### PROBLEM:
Scan the records beneath this line for the line holding "Office space with" and the line holding "Download Photorealistic Magazine", then transcribe exactly those two and all lines between.

### DATA FOR PROCESSING:
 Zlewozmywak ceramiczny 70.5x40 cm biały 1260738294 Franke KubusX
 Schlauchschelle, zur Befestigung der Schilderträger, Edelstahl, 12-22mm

...

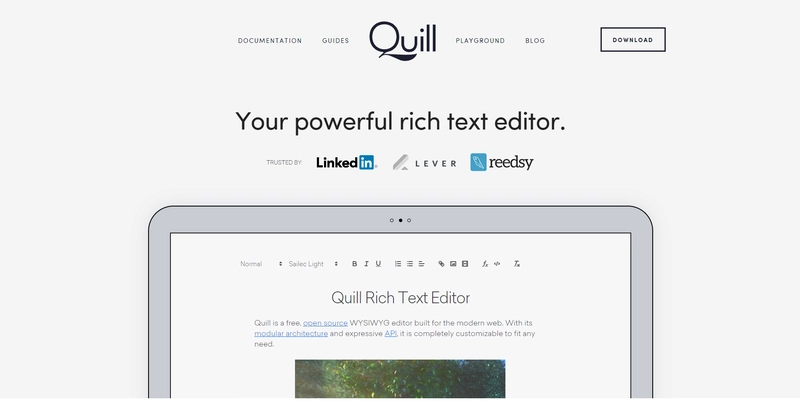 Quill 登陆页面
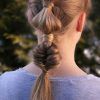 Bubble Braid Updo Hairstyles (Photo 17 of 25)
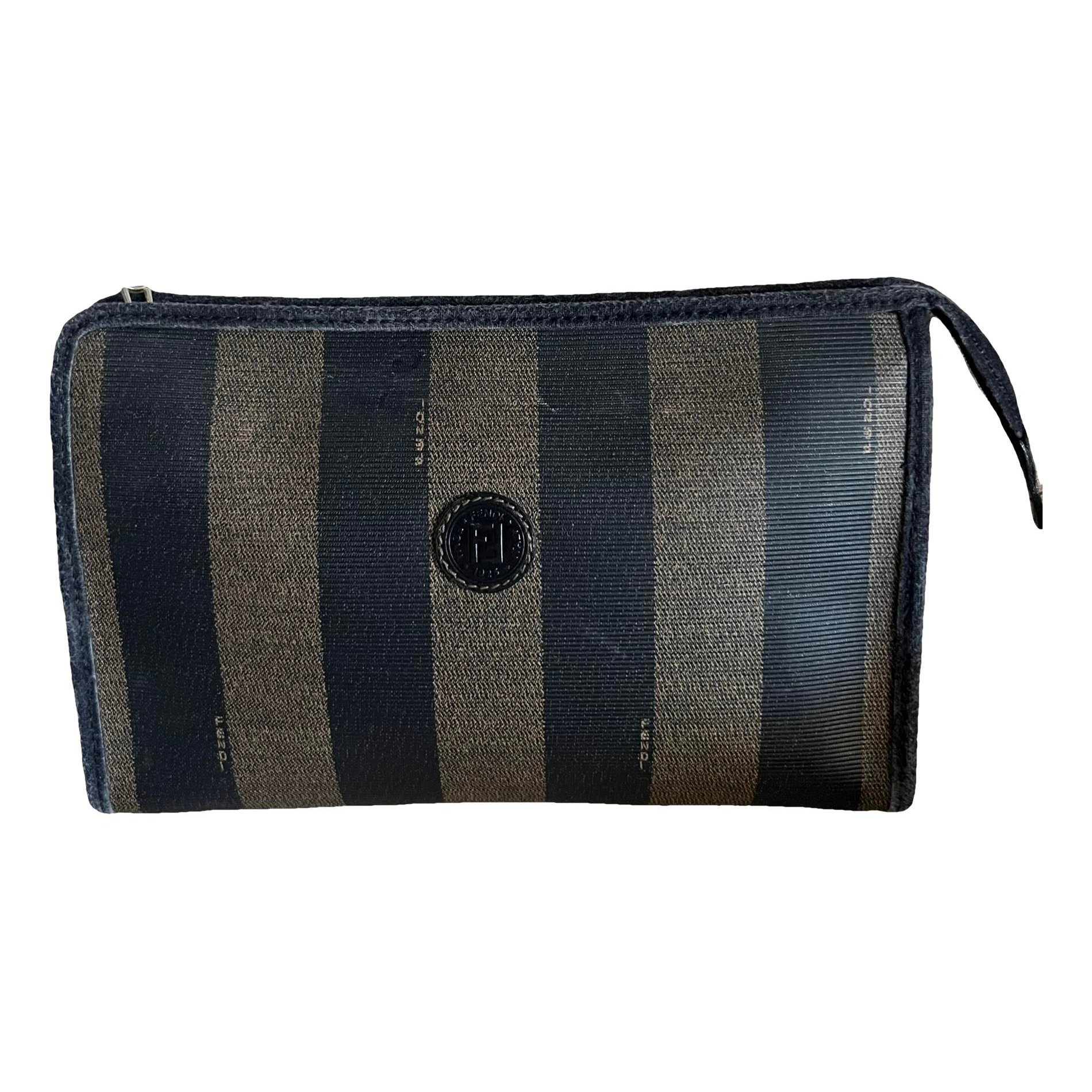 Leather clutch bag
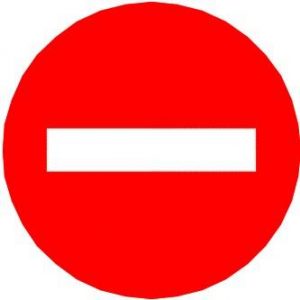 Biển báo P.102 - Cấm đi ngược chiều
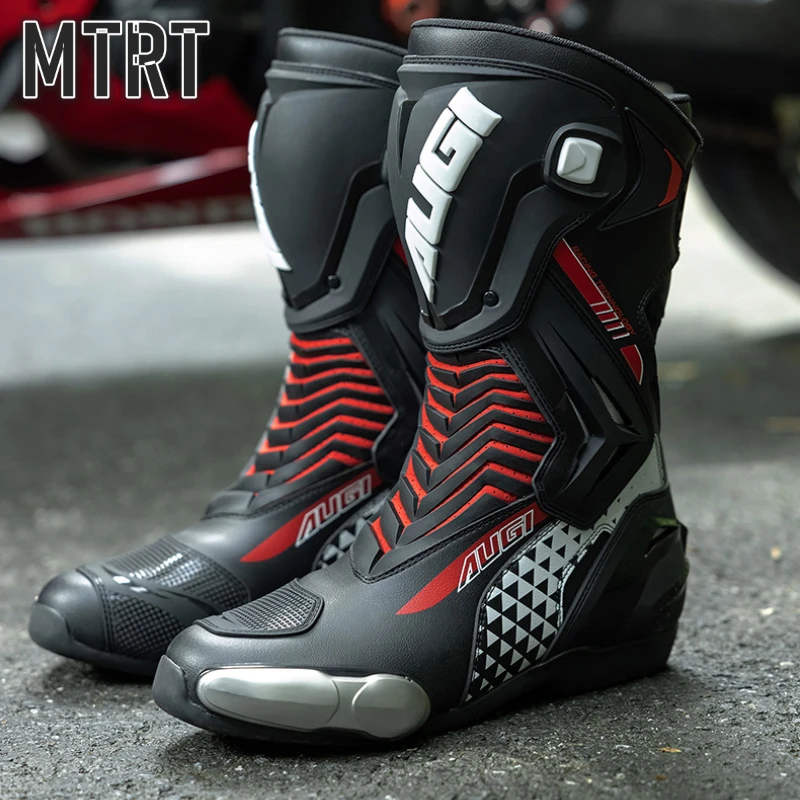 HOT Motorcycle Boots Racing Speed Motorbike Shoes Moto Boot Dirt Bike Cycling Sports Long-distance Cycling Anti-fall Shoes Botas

---

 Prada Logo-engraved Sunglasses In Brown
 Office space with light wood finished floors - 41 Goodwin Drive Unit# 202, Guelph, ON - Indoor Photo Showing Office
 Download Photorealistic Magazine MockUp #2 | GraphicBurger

### TASK OUTPUT:
 Office space with light wood finished floors - 41 Goodwin Drive Unit# 202, Guelph, ON - Indoor Photo Showing Office
 Download Photorealistic Magazine MockUp #2 | GraphicBurger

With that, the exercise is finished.